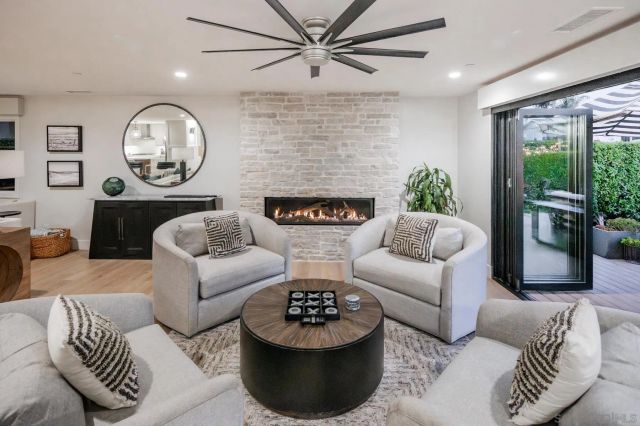 a living room with furniture a large window and a clock
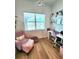 Charming office with a pink chair, desk, and large window with a pool view at 9024 Barrier Coast Trl, Parrish, FL 34219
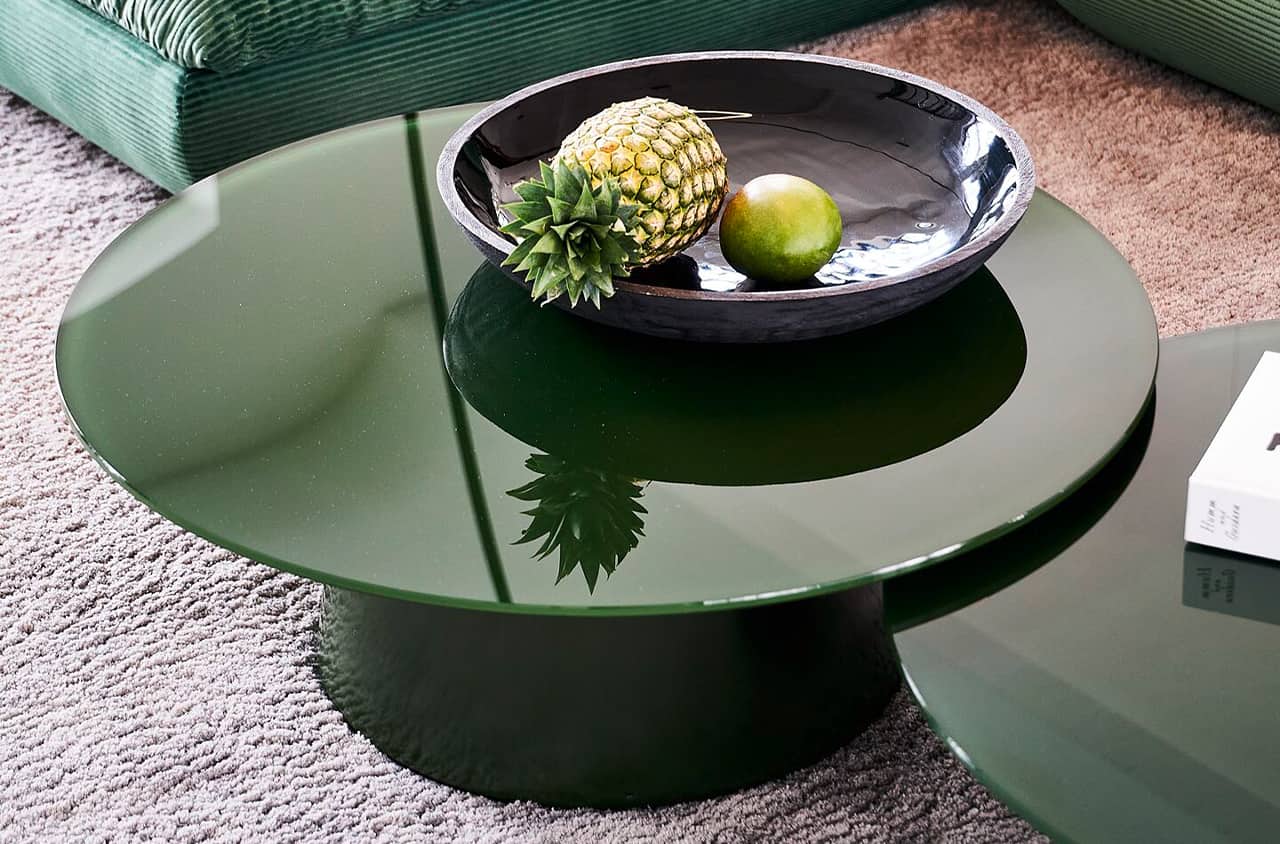 Grüner runder Couchtisch mit glänzender Oberfläche und zylindrischem Fuß in moderner Wohnumgebung mit Teppich.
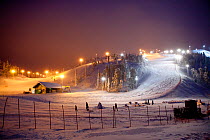 lluminated ski slopes at night, Ruka, Lapland, Finland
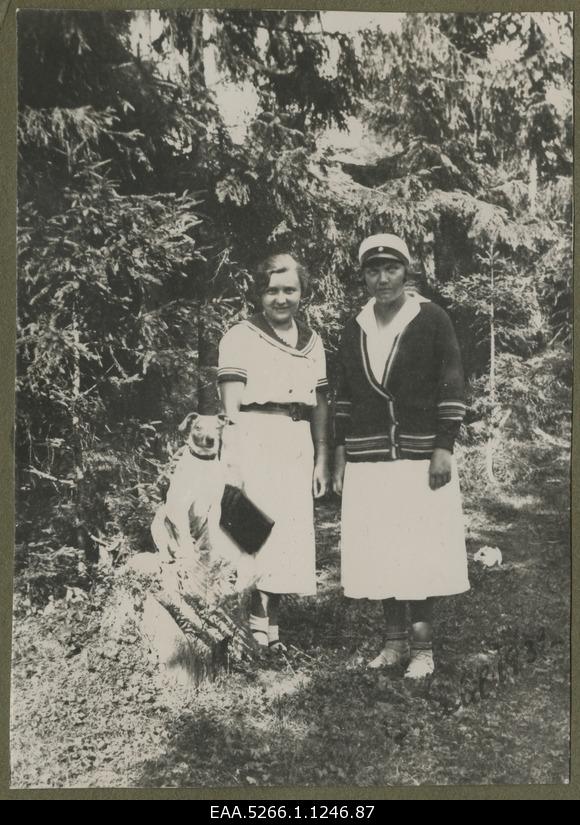 Benita Labi with a girlfriend and a dog, forest in the background.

**Work to be completed:**
Leave out the pictures, then reproduce exactly the run of lines from the one that contains "Grüner runder Couchtisch" to the final line of the listing above.

**Solution to this problem:**
 Grüner runder Couchtisch mit glänzender Oberfläche und zylindrischem Fuß in moderner Wohnumgebung mit Teppich.
 lluminated ski slopes at night, Ruka, Lapland, Finland
 Benita Labi with a girlfriend and a dog, forest in the background.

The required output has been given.